Без дальнейших уточнений заметим: и вся культура «серебряного века» пародийна, ибо вся — цитатна. Гротескные образы для нее сплошь и рядом реальнее живых людей. Самые изощренные философы полагают тут Смердякова или Передонова инакомыслящими ораторами. И никто не усомнится искать протагонистов среди персонажей вроде Козьмы Пруткова или капитана Лебядкина. Во всяком случае по отношению к подобным героям модернизм неустанно играет на повышение.
Когда б не сны.
В случае Набокова, в его художественной системе сон есть преодоление цитаты, способ уничтожения подобий, выход к собственному нетиражированному бытию, обретение «я». Того самого, что обладает памятью, превосходящей словарный и образный запас языка, на котором это «я» себя выражает. Выражение — продукт невыраженного, таящегося в сне, того, что «пригрезилось».
Если искусство что-либо и тиражирует, то как раз дубляжу неподвластное: паузу, зазор между бывшим и небывшим. Иначе говоря, искусство в чистом виде есть выражение вневременной длительности, верифицированный сон. О чем и пишутся лучшие стихи:
Бывают ночи: только лягу,
в Россию поплывет кровать;
и вот ведут меня к оврагу,
ведут к оврагу убивать.
[7]Россия, рвы и овраги которой завалены трупами, — обычная картина времен гражданской войны, тысячу раз изображенная художниками, и ни красные, ни белые, ни модернисты, ни традиционалисты ничего поэтического в ней справедливо не находили.
Не то у Набокова:
Но сердце, как бы ты хотело,
чтоб это вправду было так:
Россия, звезды, ночь расстрела
и весь в черемухе овраг.
Никакой человек, никакой Набоков ради этой роскоши на расстрел не отправится. Да речь здесь, вопреки фабуле, ни о каком расстреле и не идет. В этих строчках раскрывается доминирующий художественный принцип Набокова. Его, можно сказать, идеал: сделать осязаемой мысль, локализованную в вымысле, а не в житейской логике. Прошлое для него ценно лишь в той степени, в какой оно содержит вневременное настоящее. Волшебство искусства, по его собственным словам, — «другое, другое, другое».[8]

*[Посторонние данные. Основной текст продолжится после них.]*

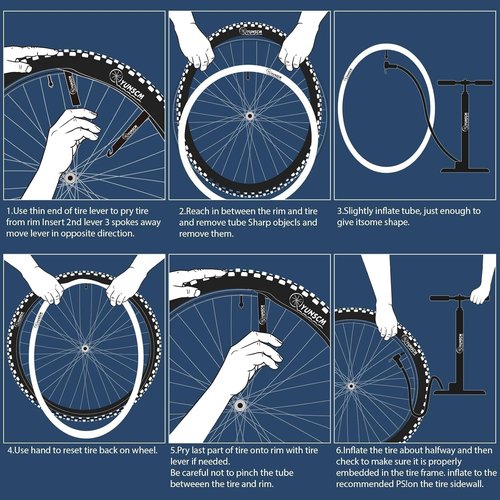 Bike Tubes - 26-Inch Presta Valve Inner Tubes | 2-Pack 26 x 1.75/2.125 Compatible Sizes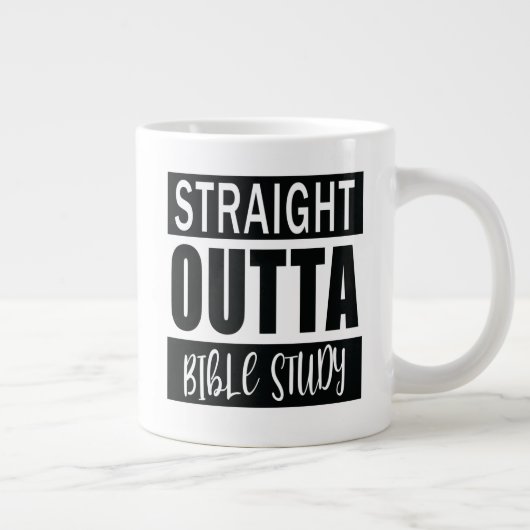 Grande Tasse Citation de l'étude biblique de Christian Funny (Droite)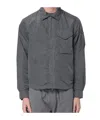 C.p. Company C.p.company Nylon Overshirt In Gray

Боже упаси подумать, что Набоков воссоздает в написанном собственные сновидения, поставляя материал для психоаналитиков. Нет. Но при помощи «другого» куется мощное оружие для исполнения долга художника: иметь власть делать бывшее небывшим, устранять смерть, воскрешать мертвых. Как это и описывается в стихотворении «Сновидение» (1927):
Как благодарен силам неземным,
что могут мертвые нам сниться!
Как этим сном, событием ночным,
душа смятенная гордится.
Сон у Набокова — это художественный способ прорыва к «другому», попытка это «другое» обозначить, вызванная в том числе и личным многоуровневым типом восприимчивости. В «Других берегах» она названа «просачиванием и смешением чувств». Для того чтобы их органично структурировать, нужна система выражения, подобная сну. Лишь из него можно извлечь «стройную действительность прошедшей и предстоящей яви», как говорится в тех же «Других берегах» о людях, «дневное мышление которых особенно неуимчиво» (IV, 150). Например, в стихотворении Набокова «Мать» (о нем — дальше) апостол «сквозь сон» осязает «прошедшую и предстоящую явь»: «стенанья и сомненья» Марии, ставшие откровением — с точки зрения поэта — по отношению ко всему христианскому миропониманию, к его этике в целом.